How to Feel Good When Travelling

 

 

So, I’ve just returned from New York.  What a holiday.  What a city!

 

I’m so grateful for all the time I get to spend in that amazing city and any travel I get to do in general.  However, when dealing with a chronic illness, travel can sometimes be a not so pleasant experience.  

 

Over the years, I’ve been experimenting on ways to stay feeling as good as I possibly can whilst still enjoying everything a new city or country has to offer.  I seriously hate to miss out!

 

So if you have a chronic illness yourself and planning (or want to plan) a holiday, I’m sharing with you . . .

 

My best tips to feeling good when travelling

 

Limit Travel | Sounds a little counter-productive, but over the years I’ve discovered when I have to constantly pack my bags and move between towns/countries/hotels every few days, my anxiety levels rise and my digestion shuts down, causing discomfort and major stress.  To me, this isn’t what a holiday is about.  As much as I want to see and do everything while I’m away, I’ve discovered that staying still in either the one town, country or hotel/apartment for majority of my time is so much more beneficial to my health.  Not only do I get a chance to completely “switch off” and relax, but I also get to really explore and experience my local neighbourhood and the people in it.  I’ve made some wonderful friends from just “staying put”.

Move | Yep, an obvious one, but getting your body moving as soon as your feet are on solid ground is one of the best ways to help get your digestion moving, get circulation flowing and clear any foggy head from jet lag.  I’m not an adventure seeker when I travel, but I am a walker, so I always love to suss out walking routes wherever I’m going.  Whether that’s in New York, or walking between villages for lunch in the country side of France.  I walk everywhere!  My feet are my mode of transport.  A holiday not using a car or public transport whenever possible is my kinda holiday!

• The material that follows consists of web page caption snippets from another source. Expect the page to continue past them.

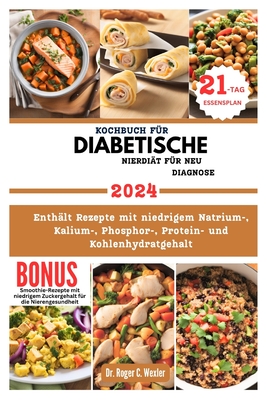 Kochbuch F?r Diabetische Nierdi?t F?r Neu Diagnose: Enth?lt Rezepte mit niedrigem Natrium-, Kalium-, Phosphor-, Protein- und Kohlenhydratgehalt - Wexler, Roger, Dr.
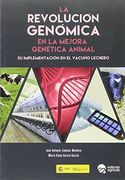 LA REVOLUCION GENOMICA EN LA MEJORA GENETICA ANIMAL: SU IMPLEMENTACION EN EL VACUNO LECHERO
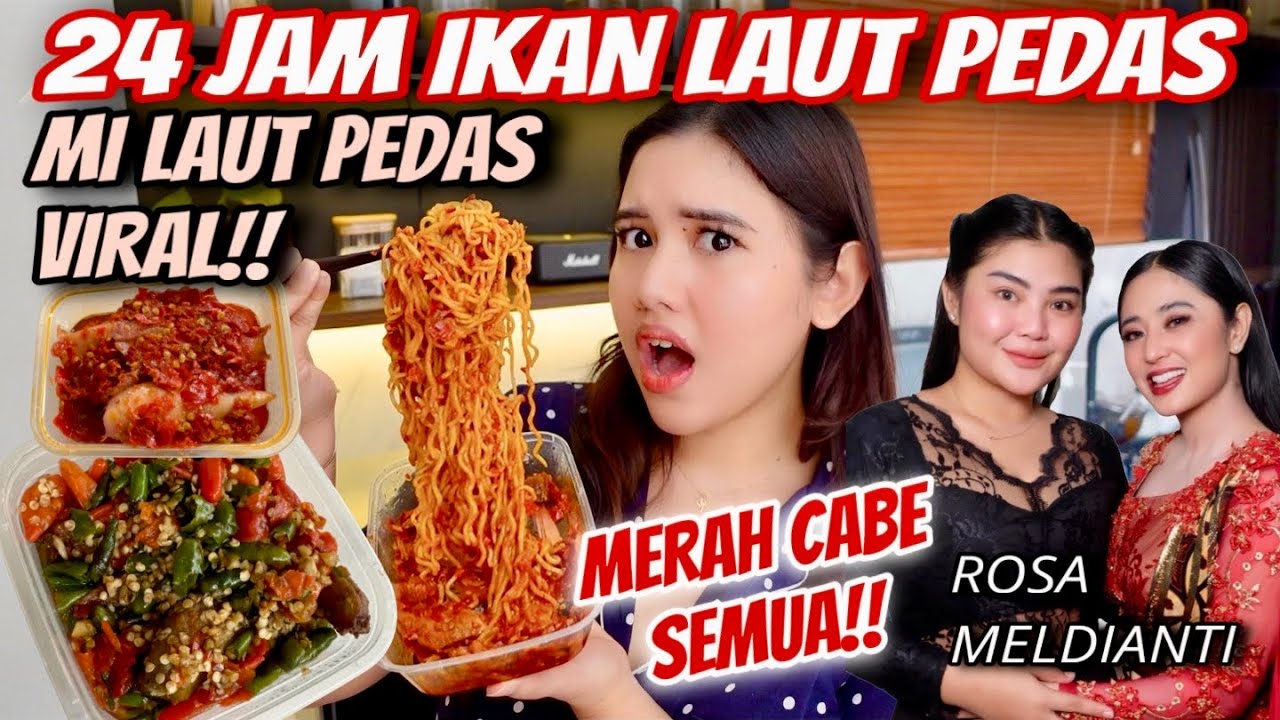 MIE LAUT PEDES VIRAL!! 24 JAM MAKANAN ROSA MELDIANTI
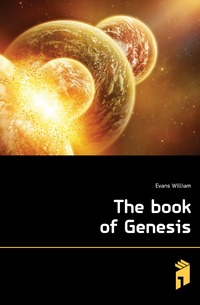 Evans William - «The book of Genesis»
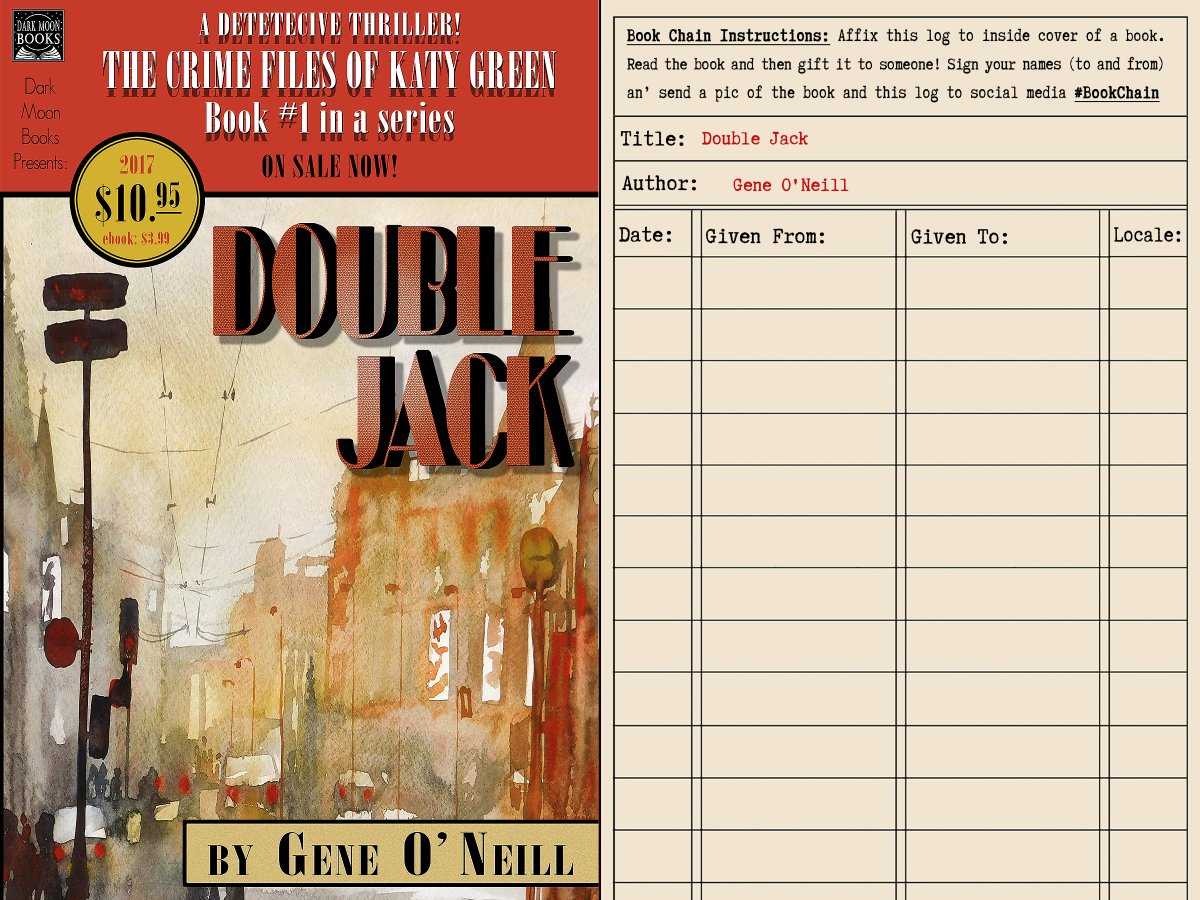ericjguignard's tweet image. Highlighting #BookChain 15!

Food | Being gluten, grain and dairy free can certainly have its challenges when travelling, as you’re more than likely going to eat out more than normal.  I’m not here to tell you to miss out.  I don’t!  However, I do try and limit eating out to just once per day – not every meal, and when I do eat out, I savour every mouthful.  I also find when on holiday that I tend to eat only 2 meals a day, which is why I love a holiday where I get to spend time shopping in the local markets and cook in a new kitchen.  So for me, I don’t stay in hotels.  I always book an apartment with my very own kitchen. On arrival, my first stop is often the supermarket to pick up essentials, like coconut oil, Himalayan salt and some form of dairy free milk.  Depending on the type of holiday, I’ve often been known to pack all of this in my suitcase.   When visiting markets, I will always pick up fresh organic eggs and veggies – this way I know that after a big day of walking, sightseeing and shopping, I can always whip up some scrambled eggs with lots of greens for dinner!

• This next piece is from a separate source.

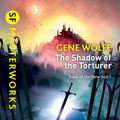 Cover Art for 9781473233072, The Shadow of the Torturer by Gene Wolfe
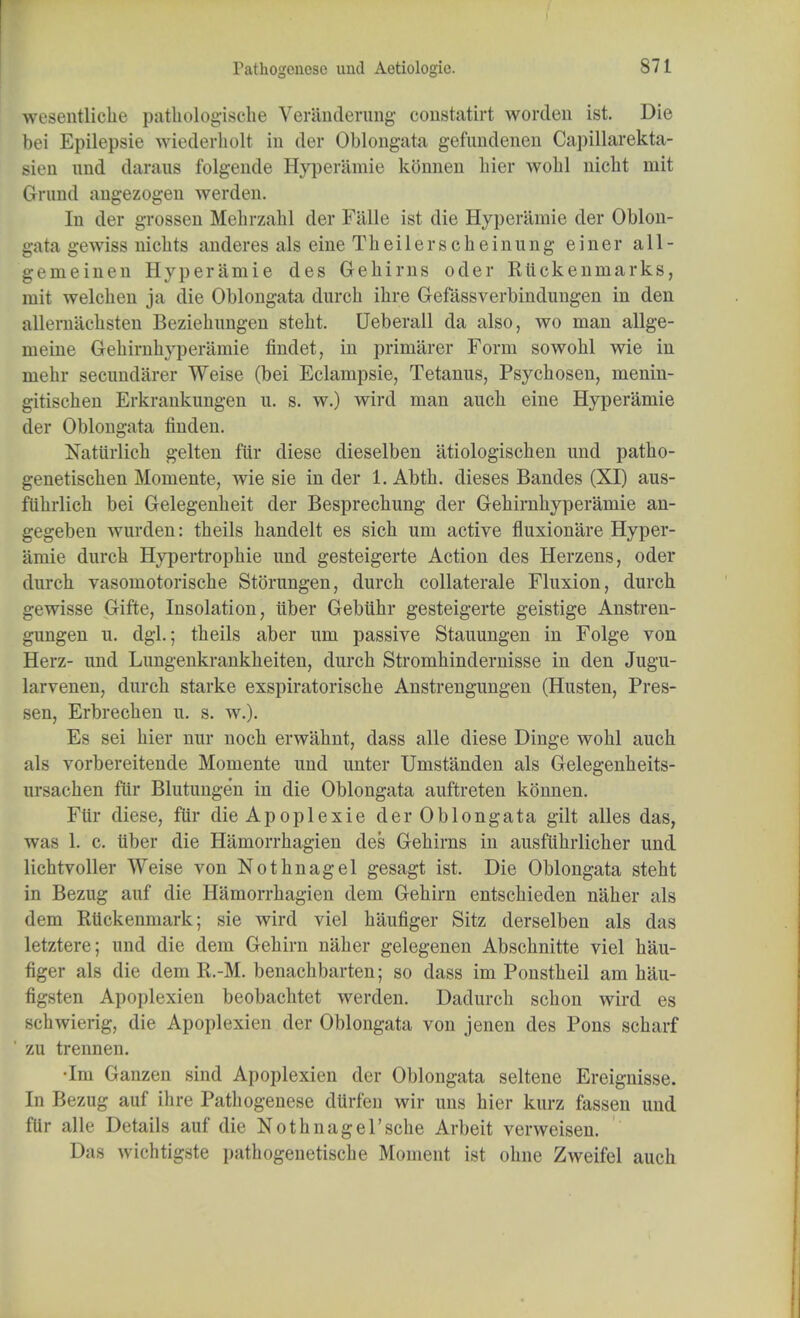 Pathogeaese unci Aetiologic. wesentlicbe patbologiscbe Veranderung constatirt worden ist. Die bei Epilepsie wiederholt in der Oblongata gefundenen Capillarekta- sien nnd darans folgende Hyperamie konnen bier wobl nicbt mit Gnmd angezogen werden. In der grossen Mebrzabl der Falle ist die Hyperamie der Oblon- gata gewiss nicbts anderes als eine Tbeilerscbeinung einer all- gemeinen Hyperamie des Gebims oder Rtickeninarks, mit welcben ja die Oblongata dnrcb ibre Gefassverbindungen in den allernacbsten Beziebungen stebt. Ueberall da also, wo man allge- meine Gebirnbyperainie findet, in primiirer Form sowobl wie in niebr secimdarer Weise (bei Eclainpsie, Tetanus, Psycbosen, menin- gitiscben Erkrankungen u. s. w.) wird man aucb eine Hyperamie der Oblongata finden. Nattirlicb gelten ftir diese dieselben atiologiscben und patbo- genetiscben Momente, wie sie in der 1. Abtb. dieses Bandes (XI) aus- flibrlich bei G-elegenbeit der Besprecbung der Gebirnbyperainie an- gegeben wurden: theils handelt es sicb um active fluxionare Hyper- amie durcb Hypertropbie und gesteigerte Action des Herzens, oder durch vasomotorische Storungen, durcb collaterale Fluxion, durcb gewisse Gifte, Insolation, iiber Gebtibr gesteigerte geistige Anstren- gungen u. dgl.; tbeils aber um passive Stauungen in Folge von Herz- und Lungenkrankbeiten, durcb Strombindernisse in den Jugu- larvenen, durcb starke exspiratoriscbe Anstrengungen (Husten, Pres- sen, Erbrecben u. s. w.). Es sei bier nur nocb erwabnt, dass alle diese Dinge wobl aucb als vorbereitende Momente und unter Umstanden als Gelegenbeits- ursachen ftir Blutungen in die Oblongata auftreten konnen. Ftir diese, ftir die Apoplexie der Oblongata gilt alles das, was 1. c. tiber die Hamorrbagien des Gebirns in ausftibrlicber und licbtvoller Weise von Notbnagel gesagt ist. Die Oblongata stebt in Bezug auf die Hamorrbagien dem Gebirn entscbieden naher als dem Rtickenmark; sie wird viel baufiger Sitz derselben als das letztere; und die dem Gehirn naber gelegenen Abscbnitte viel bau- figer als die dem R.-M. benachbarten; so dass im Ponstbeil am hau- figsten Apoplexien beobachtet werden. Dadurcb scbon wird es schwierig, die Apoplexien der Oblongata von jenen des Pons scharf zu trennen. •Im Ganzen sind Apoplexien der Oblongata seltene Ereignisse. In Bezug auf ihre Patbogenese dtirfeu wir uns bier kurz fassen und flir alle Details auf die Nothnagel'scbe Arbeit verweisen. Das wichtigste pathogenetiscbe Moment ist obne Zweifel aucb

Eating Out | This can be a little challenging for me due to my dietary requirements, but not impossible.  Worst case scenario, I stick to the “side dishes” on a menu.  I’ve always found some incredible vegetable side dishes to enjoy, and restaurants these days don’t bat an eyelid.  Honestly.  I do it everywhere!  However, when in a foreign speaking country, I always make sure I know how to say “gluten, grain and dairy free” in their language – I never assume they speak English.  That’s just bad manners.  Not as restricted as me with your diet?  Then lean towards dishes filled with vegetables and some sort of protein, instead of filling up on the bread basket or ordering bread/wheat based meals, which are low in nutrients.  Perhaps order some extra vegetables or salads for the table to fill up on - the last thing you want to be is hungry! 

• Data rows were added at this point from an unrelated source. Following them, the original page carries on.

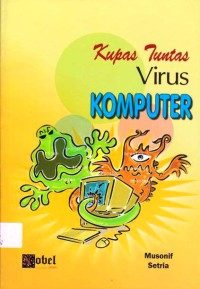 Kupas Tuntas Virus Komputer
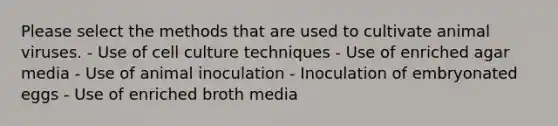 Please select the methods that are used to cultivate animal viruses. - Use of cell culture techniques - Use of enriched agar media - Use of animal inoculation - Inoculation of embryonated eggs - Use of enriched broth media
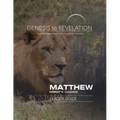 Genesis to Revelation: Matthew Leader Guide: A Comprehensive Verse-By-Verse Exploration of the Bible - Paperback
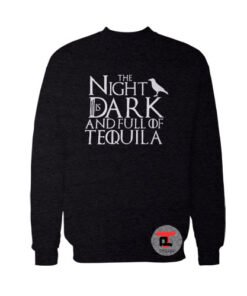 The Night Is Dark And Full Of Tequila Viral Fashion Sweatshirt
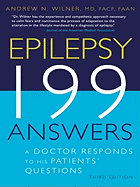 Epilepsy 199 Answers: A Doctor Responds to His Patients Questions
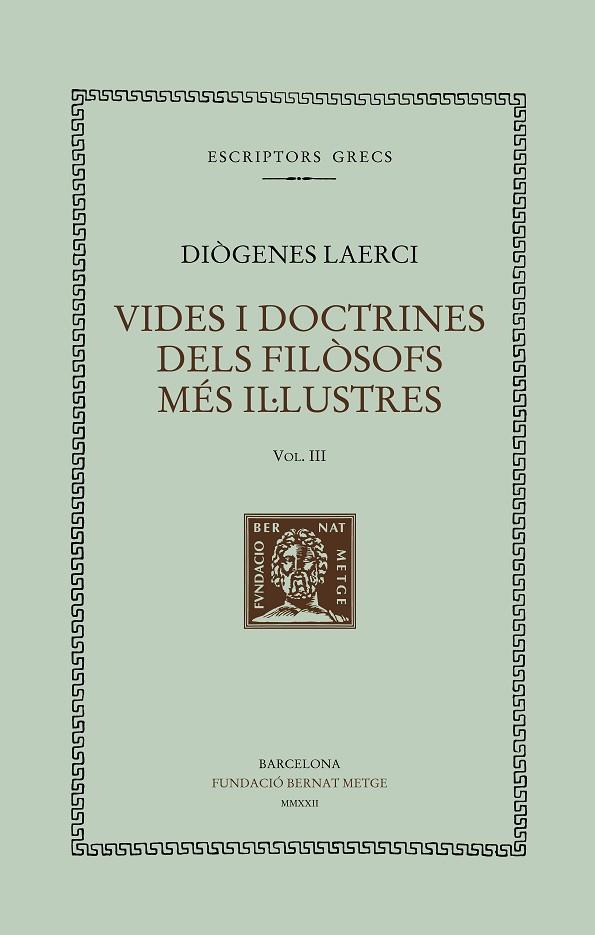 VIDES I DOCTRINES DELS FILÒSOFS MÉS IL·LUSTRES (VOL. III) | 9788498593907 | DIOGENES LAERCI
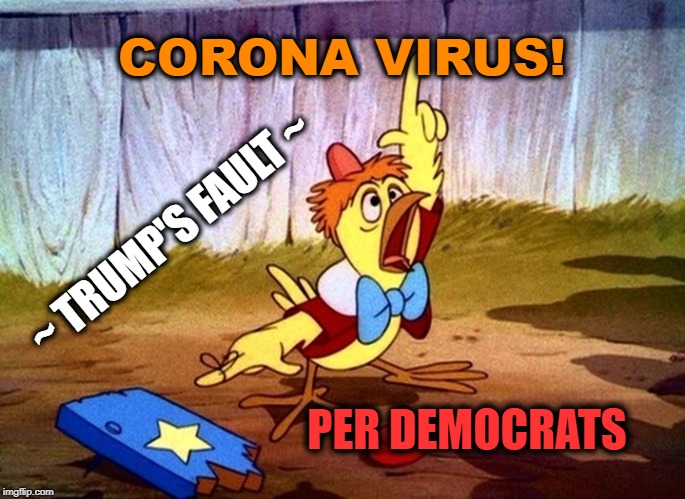 Corona Virus | CORONA VIRUS! ~ TRUMP'S FAULT ~; PER DEMOCRATS | image tagged in trump,democrats,corona virus | made w/ Imgflip meme maker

Sleep | In my normal life I have a set bed time and set wake up time.  Yes, even on weekends, and my body does this naturally now.  So when on holiday’s, I stick to this routine.  In fact, I don’t think my body would let me stay awake past 10.30pm even if I tried.  I find this allows me to adjust to the different time zones a lot quicker and actually helps with my eating and digestion.  I always pack my eye mask, in case the bedroom I’m staying in is too bright from street lights (or from a nearby lighthouse!) and ear plugs.  You may not need these, but I always prefer to be prepared.

Rest | When my body tells me it’s tired.  I listen and I rest.  That’s what a holiday’s about after all.  This doesn’t mean staying indoors.  Perhaps take a rug to a local park with your book, or one of my favourite activities – people watching.

 

 

Now it’s your turn - I’d love to hear your ideas for staying healthy while travelling?